Re: BUG: GCC-4.4.x changes the function frame on some functions
On Thu, 19 Nov 2009, Thomas Gleixner wrote: standard function start: push %ebp mov%esp, %ebp call mcount modified function start on a handful of functions only seen with gcc 4.4.x on x86 32 bit: push %edi lea0x8(%esp),%edi and$0xfff0,%esp pushl -0x4(%edi) push %ebp mov%esp,%ebp ... call mcount That's some crazy sh*t anyway, since we don't _want_ the stack to be 16-byte aligned in the kernel. We do KBUILD_CFLAGS += $(call cc-option,-mpreferred-stack-boundary=2) why is that not working? So this looks like a gcc bug, plain and simple. This modification leads to a hard to solve problem in the kernel function graph tracer which assumes that the stack looks like: return address saved ebp Umm. But it still does, doesn't it? That pushl -0x4(%edi) push %ebp should do it - the -0x4(%edi) thing seems to be trying to reload the return address. No? Maybe I misread the code - but regardless, it does look like a gcc code generation bug if only because we really don't want a 16-byte aligned stack anyway, and have asked for it to not be done. So I agree that gcc shouldn't do that crazy prologue (and certainly _not_ before calling mcount anyway), but I'm not sure I agree with that detail of your analysis or explanation. Linus
Re: BUG: GCC-4.4.x changes the function frame on some functions
On Thu, 19 Nov 2009, Linus Torvalds wrote: Umm.

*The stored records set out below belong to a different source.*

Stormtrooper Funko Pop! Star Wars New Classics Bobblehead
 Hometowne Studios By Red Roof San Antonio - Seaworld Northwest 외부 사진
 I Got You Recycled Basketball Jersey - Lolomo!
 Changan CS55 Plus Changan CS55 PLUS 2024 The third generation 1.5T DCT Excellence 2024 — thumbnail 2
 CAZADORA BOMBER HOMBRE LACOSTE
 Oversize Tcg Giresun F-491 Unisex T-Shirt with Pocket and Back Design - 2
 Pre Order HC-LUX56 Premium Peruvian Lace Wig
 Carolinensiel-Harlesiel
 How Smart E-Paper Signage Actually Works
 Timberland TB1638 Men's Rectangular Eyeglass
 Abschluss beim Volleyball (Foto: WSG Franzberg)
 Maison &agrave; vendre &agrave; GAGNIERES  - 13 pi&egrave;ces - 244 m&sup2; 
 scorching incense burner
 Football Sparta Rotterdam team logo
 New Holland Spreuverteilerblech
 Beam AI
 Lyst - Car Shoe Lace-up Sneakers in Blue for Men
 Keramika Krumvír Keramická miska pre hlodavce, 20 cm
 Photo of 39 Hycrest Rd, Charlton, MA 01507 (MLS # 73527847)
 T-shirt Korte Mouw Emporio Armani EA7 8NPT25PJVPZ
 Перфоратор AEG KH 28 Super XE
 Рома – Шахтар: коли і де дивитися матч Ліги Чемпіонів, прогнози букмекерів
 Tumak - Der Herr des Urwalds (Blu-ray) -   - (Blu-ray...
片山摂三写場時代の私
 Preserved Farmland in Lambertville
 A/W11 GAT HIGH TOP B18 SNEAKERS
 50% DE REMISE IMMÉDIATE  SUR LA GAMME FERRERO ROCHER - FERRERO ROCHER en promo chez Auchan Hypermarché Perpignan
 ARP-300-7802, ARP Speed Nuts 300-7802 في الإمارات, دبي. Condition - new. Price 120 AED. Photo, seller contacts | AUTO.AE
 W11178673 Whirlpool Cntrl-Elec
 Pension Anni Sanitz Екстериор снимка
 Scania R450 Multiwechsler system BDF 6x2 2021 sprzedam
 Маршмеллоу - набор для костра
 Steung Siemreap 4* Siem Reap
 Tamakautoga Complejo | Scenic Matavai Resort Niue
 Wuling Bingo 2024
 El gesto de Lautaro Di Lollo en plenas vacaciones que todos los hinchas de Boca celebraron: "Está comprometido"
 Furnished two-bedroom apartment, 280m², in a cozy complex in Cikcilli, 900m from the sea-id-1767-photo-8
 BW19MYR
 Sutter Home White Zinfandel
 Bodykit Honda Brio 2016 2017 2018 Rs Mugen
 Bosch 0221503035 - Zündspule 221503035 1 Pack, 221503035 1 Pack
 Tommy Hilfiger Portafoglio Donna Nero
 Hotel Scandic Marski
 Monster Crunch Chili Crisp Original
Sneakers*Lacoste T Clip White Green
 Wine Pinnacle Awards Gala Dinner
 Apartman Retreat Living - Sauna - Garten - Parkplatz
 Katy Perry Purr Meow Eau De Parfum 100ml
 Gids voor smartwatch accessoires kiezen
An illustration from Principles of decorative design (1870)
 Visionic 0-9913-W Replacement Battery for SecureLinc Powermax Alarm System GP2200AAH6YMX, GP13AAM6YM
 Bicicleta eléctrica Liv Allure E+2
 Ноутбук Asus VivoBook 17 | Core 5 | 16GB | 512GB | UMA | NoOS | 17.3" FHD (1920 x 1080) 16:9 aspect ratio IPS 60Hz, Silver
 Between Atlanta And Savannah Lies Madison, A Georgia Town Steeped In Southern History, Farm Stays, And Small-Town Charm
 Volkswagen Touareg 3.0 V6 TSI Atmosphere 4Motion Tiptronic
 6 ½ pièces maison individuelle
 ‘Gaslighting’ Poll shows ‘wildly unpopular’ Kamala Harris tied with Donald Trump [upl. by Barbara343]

But it still does, doesn't it? That pushl -0x4(%edi) push %ebp should do it - the -0x4(%edi) thing seems to be trying to reload the return address. No? Maybe I misread the code - but regardless, it does look like a gcc code generation bug if only because we really don't want a 16-byte aligned stack anyway, and have asked for it to not be done. So I agree that gcc shouldn't do that crazy prologue (and certainly _not_ before calling mcount anyway), but I'm not sure I agree with that detail of your analysis or explanation. Yes, it does store the return address before the pushed ebp, but this is a copy of the real stack entry which is before the pushed edi. The function graph tracer needs to redirect the return into the tracer and it therefor saves the real return address and modifies the stack so the return ends up in the tracer code which then goes back to the real return address. But in this prologue/aligment case we modify the copy and not the real return address on the stack, so we return without calling into the tracer which is causing the headache because the state of the tracer becomes confused. Thanks, tglx
Re: BUG: GCC-4.4.x changes the function frame on some functions
On Thu, 2009-11-19 at 09:39 -0800, Linus Torvalds wrote: This modification leads to a hard to solve problem in the kernel function graph tracer which assumes that the stack looks like: return address saved ebp Umm. But it still does, doesn't it? That pushl -0x4(%edi) push %ebp should do it - the -0x4(%edi) thing seems to be trying to reload the return address. No? Yes that is what it is doing. The problem we have is that it is putting into the frame pointer a copy of the return address, and not the actual pointer. Which is fine for the function tracer, but breaks the function graph tracer (which is a much more powerful tracer). Technically, this is all that mcount must have. And yes, we are making an assumption that the return address in the frame pointer is the one that will be used to leave the function. But the reason for making this copy just seems to be all messed up. I don't know if the ABI says anything about the return address in the frame pointer must be the actual return address. But it would be nice if the gcc folks would let us guarantee that it is. -- Steve
Re: BUG: GCC-4.4.x changes the function frame on some functions
On Thu, Nov 19, 2009 at 6:59 PM, Steven Rostedt rost...@goodmis.org wrote: On Thu, 2009-11-19 at 09:39 -0800, Linus Torvalds wrote: This modification leads to a hard to solve problem in the kernel function graph tracer which assumes that the stack looks like: return address saved ebp Umm. But it still does, doesn't it? That pushl -0x4(%edi) push %ebp should do it - the -0x4(%edi) thing seems to be trying to reload the return address. No? Yes that is what it is doing. The problem we have is that it is putting into the frame pointer a copy of the return address, and not the actual pointer. Which is fine for the function tracer, but breaks the function graph tracer (which is a much more powerful tracer). Technically, this is all that mcount must have. And yes, we are making an assumption that the return address in the frame pointer is the one that will be used to leave the function. But the reason for making this copy just seems to be all messed up. I don't know if the ABI says anything about the return address in the frame pointer must be the actual return address. But it would be nice if the gcc folks would let us guarantee that it is. Note that I only can reproduce the issue with -mincoming-stack-boundary=2, not with -mpreferred-stack-boundary=2. And you didn't provide us with a testcase either ... so please open a bugzilla and attach preprocessed source of a file that shows the problem, note the function it happens in and provide the command-line options you used for building. Otherwise it's going to be all speculation on our side. Thanks, Richard.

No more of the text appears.